**YOUR INSTRUCTIONS**
Would you please transcribe the data in full and exactly, excluding images?

Records from a data source:
----

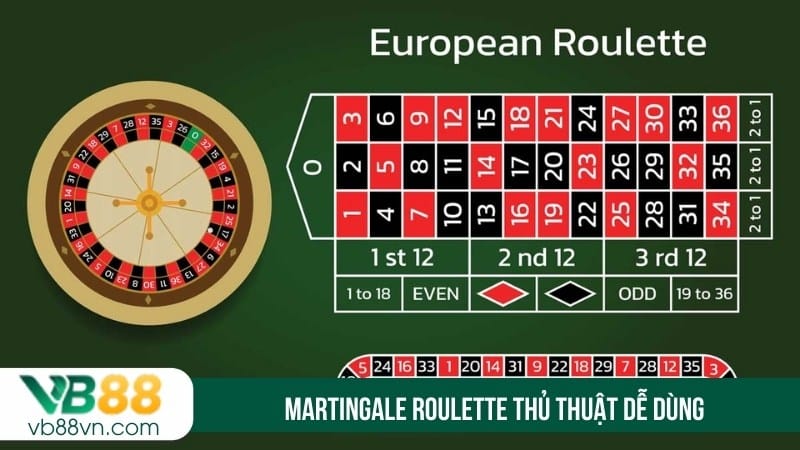 Martingale Roulette thủ thuật dễ dùng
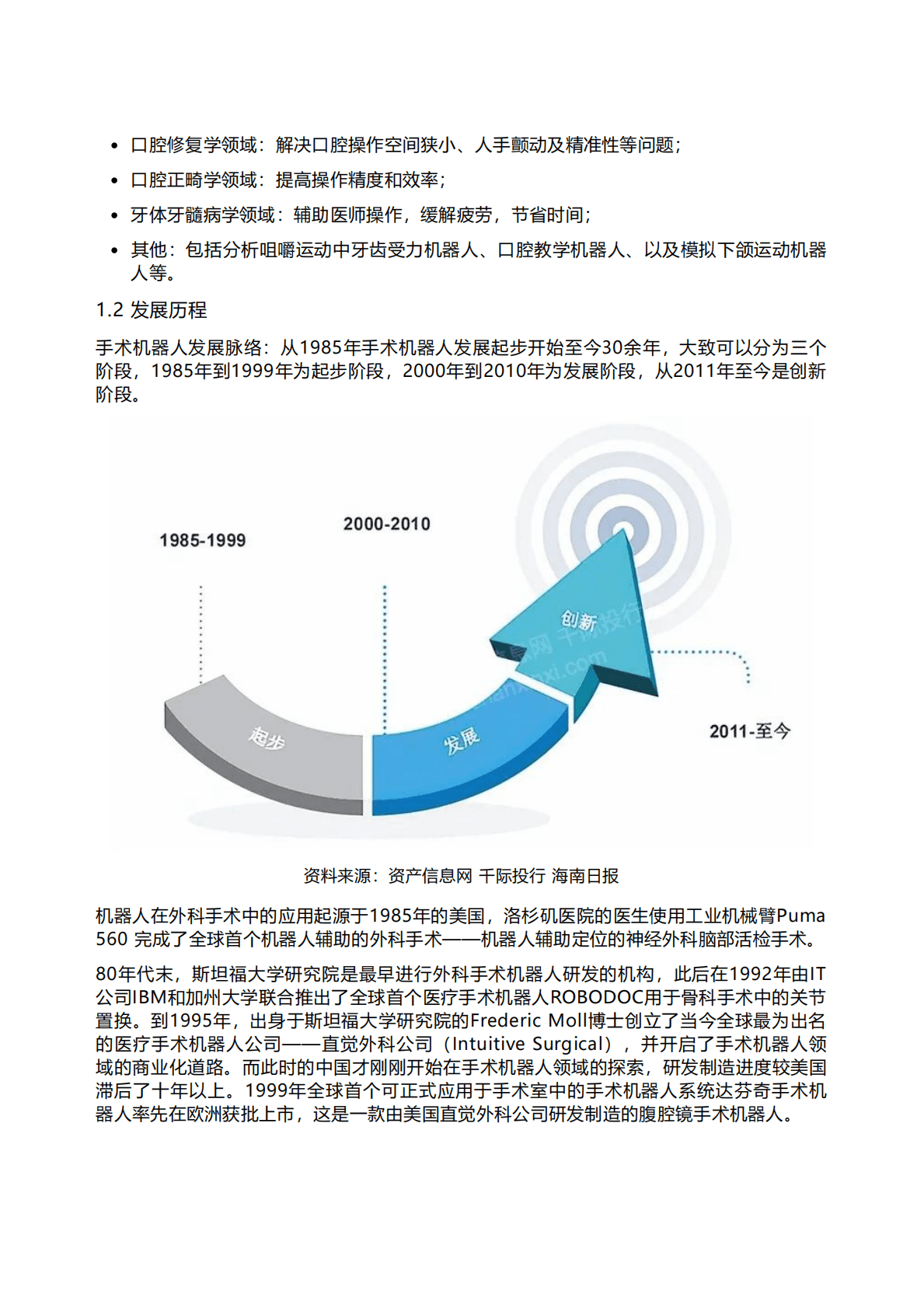 千际投行：2022年手术机器人研究报告 第6页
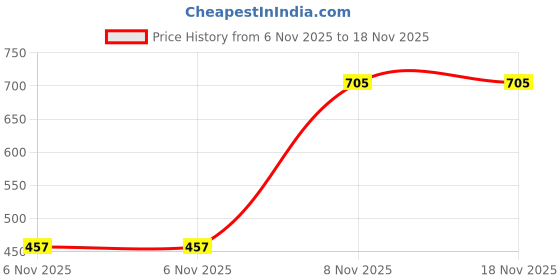 amazon.in MYADDICTION 13T 428 Chain/Pitch Front Sprocket Cog Pit/Trail/Dirt bike ATV Quad 17mm Price History Graph from 6 Nov 2025 to 17 Nov 2025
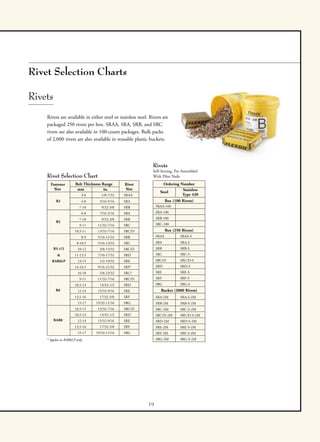 Flexco Heavy Duty Fastener Applications | PDF
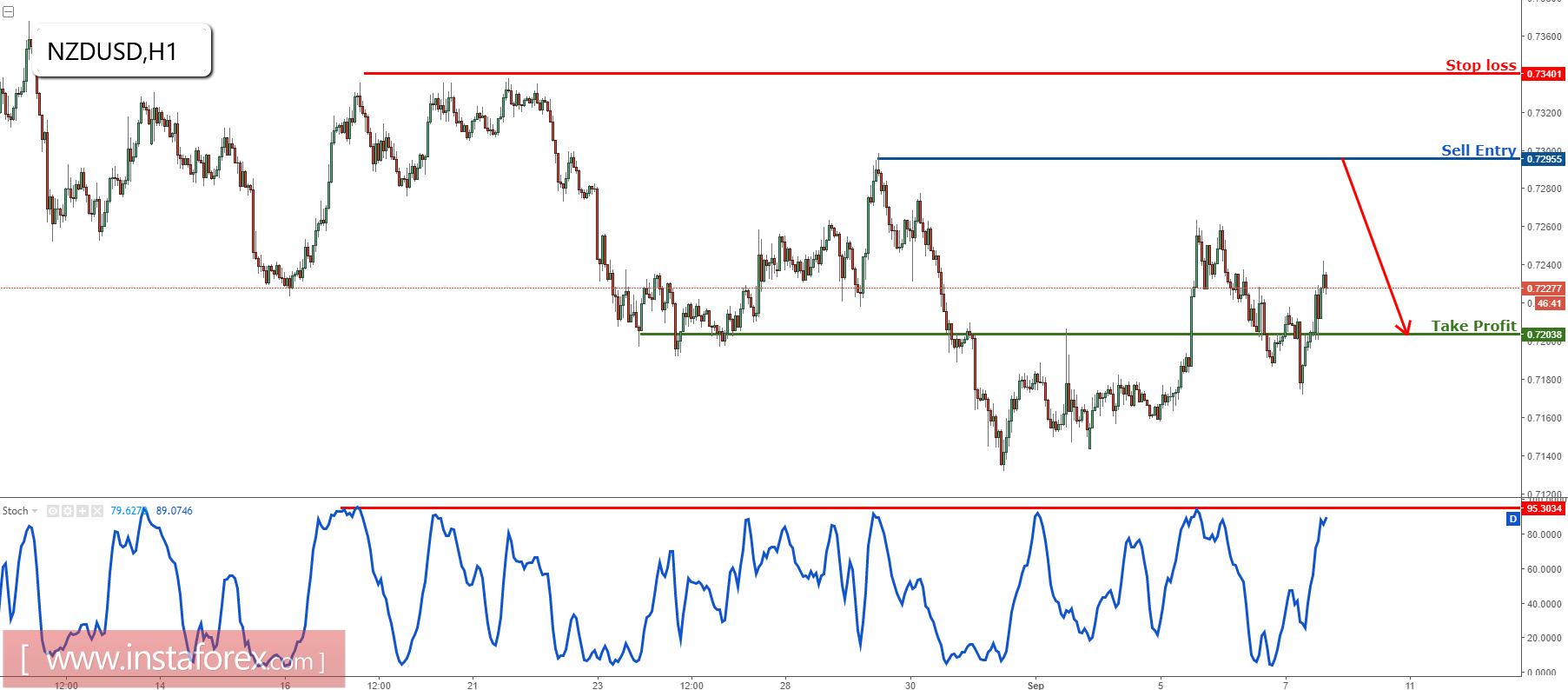 NZD/USD bersiap melakukan penjualan pada resistance utama
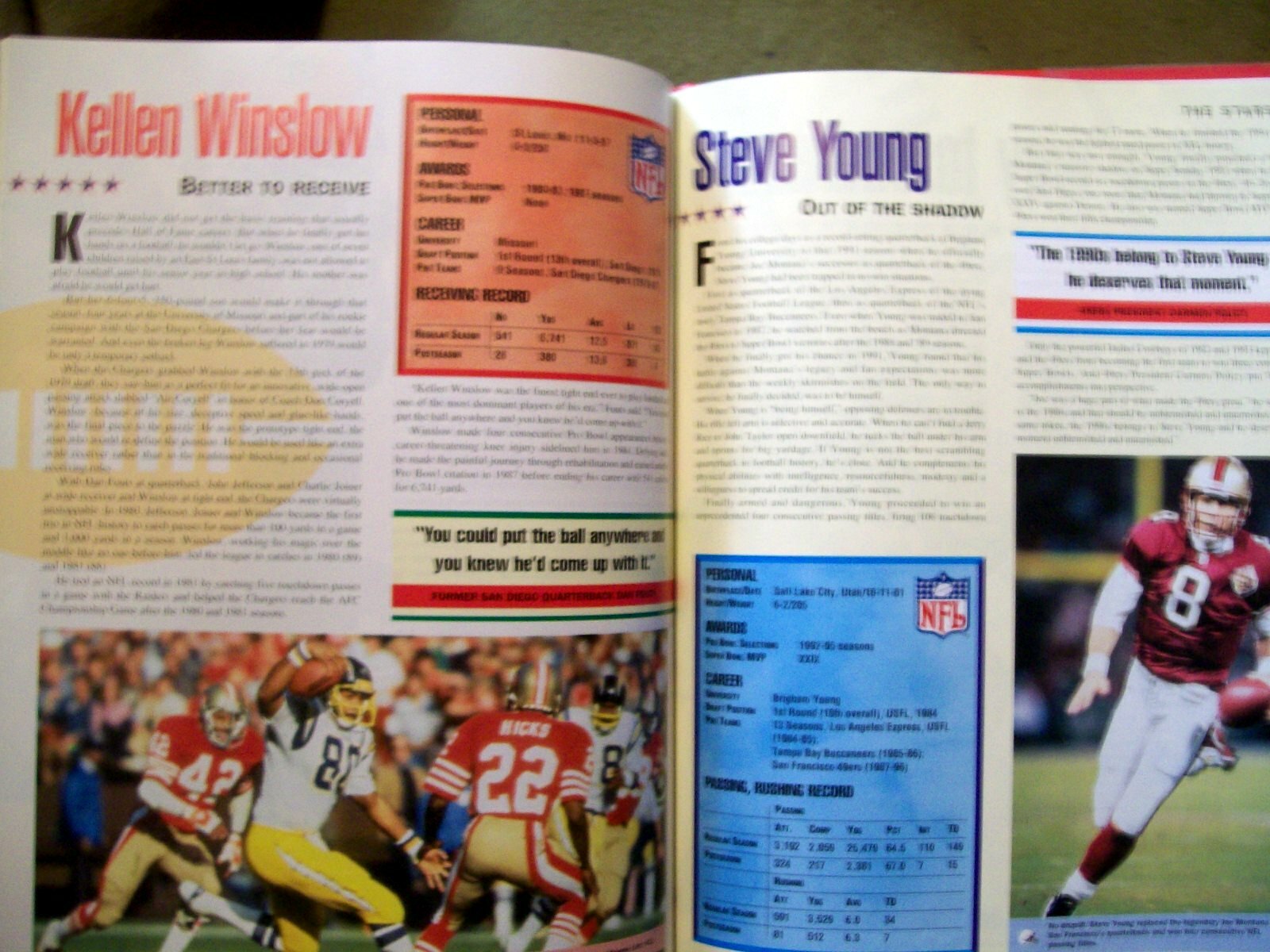NFL Football The Official Fans’ Guide by Ron Smith (1997, Hardcover)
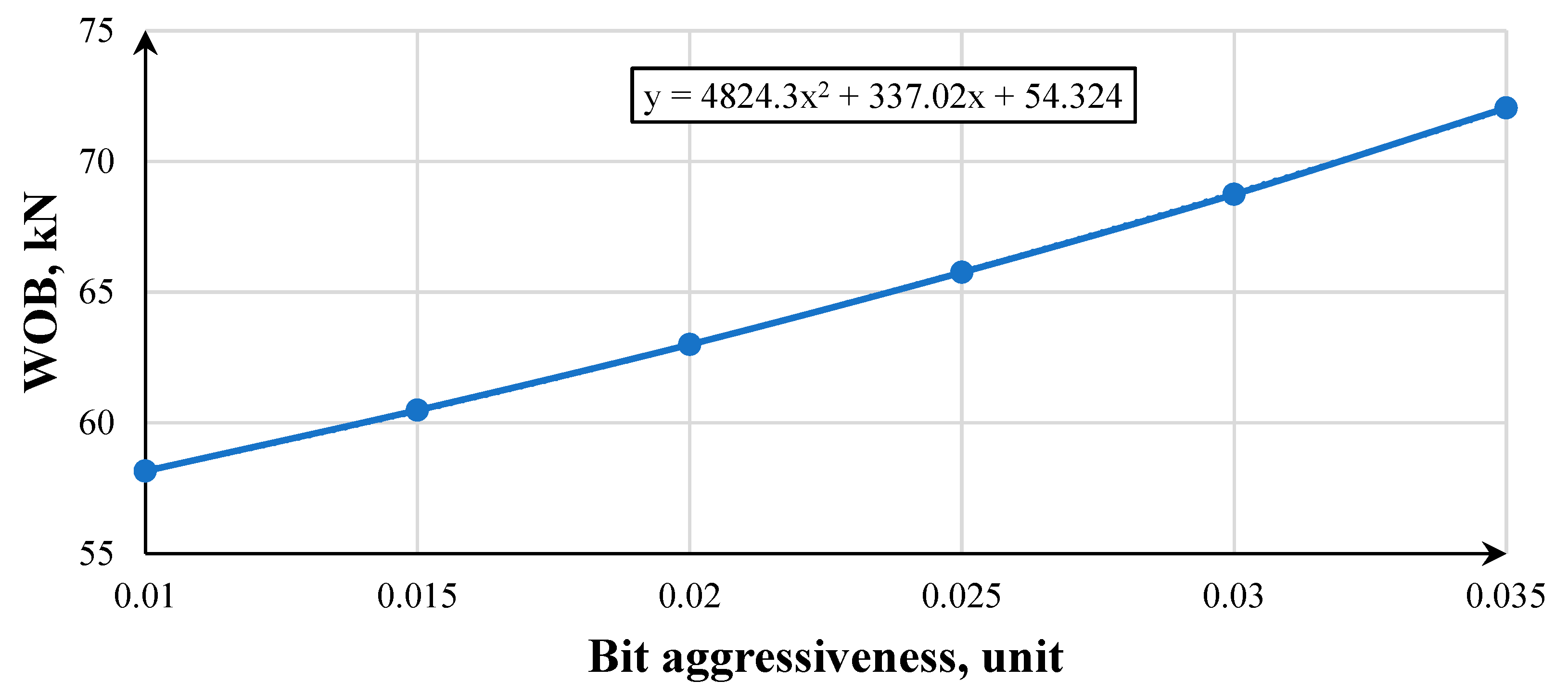 Energies 16 03759 g014
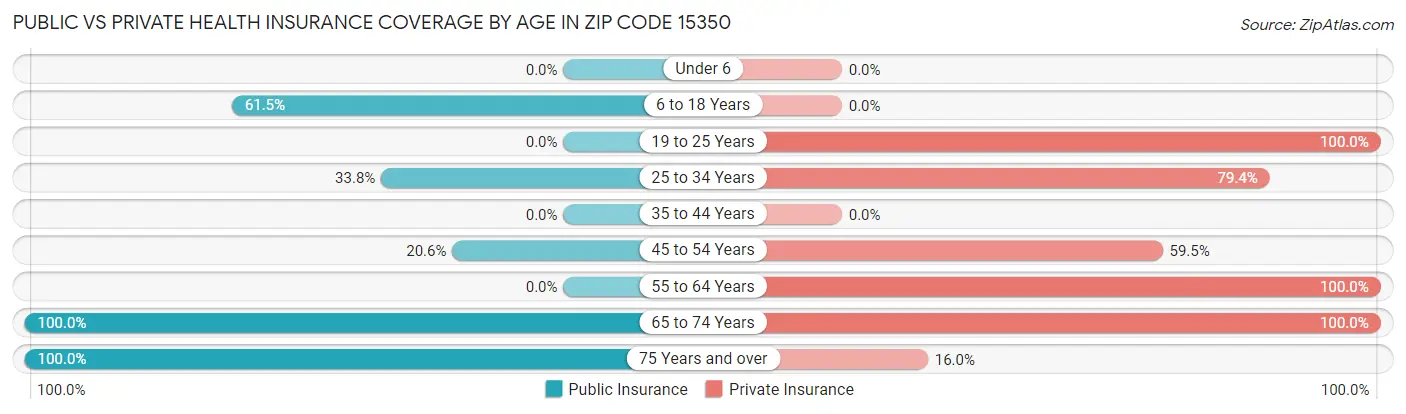 Public vs Private Health Insurance Coverage by Age in Zip Code 15350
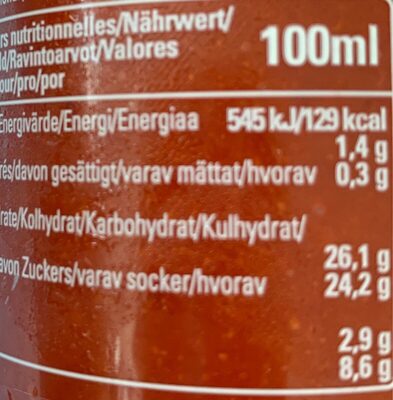 Sriracha sauce - Nutrition facts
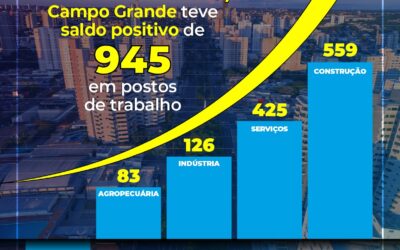 Caged: Campo Grande encerra janeiro com saldo positivo de 945 postos de trabalho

----

**EXERCISE OUTPUT**
 Martingale Roulette thủ thuật dễ dùng
 千际投行：2022年手术机器人研究报告 第6页
 amazon.in MYADDICTION 13T 428 Chain/Pitch Front Sprocket Cog Pit/Trail/Dirt bike ATV Quad 17mm Price History Graph from 6 Nov 2025 to 17 Nov 2025
 Flexco Heavy Duty Fastener Applications | PDF
 NZD/USD bersiap melakukan penjualan pada resistance utama
NFL Football The Official Fans’ Guide by Ron Smith (1997, Hardcover)
 Energies 16 03759 g014
 Public vs Private Health Insurance Coverage by Age in Zip Code 15350
 Sriracha sauce - Nutrition facts
 Caged: Campo Grande encerra janeiro com saldo positivo de 945 postos de trabalho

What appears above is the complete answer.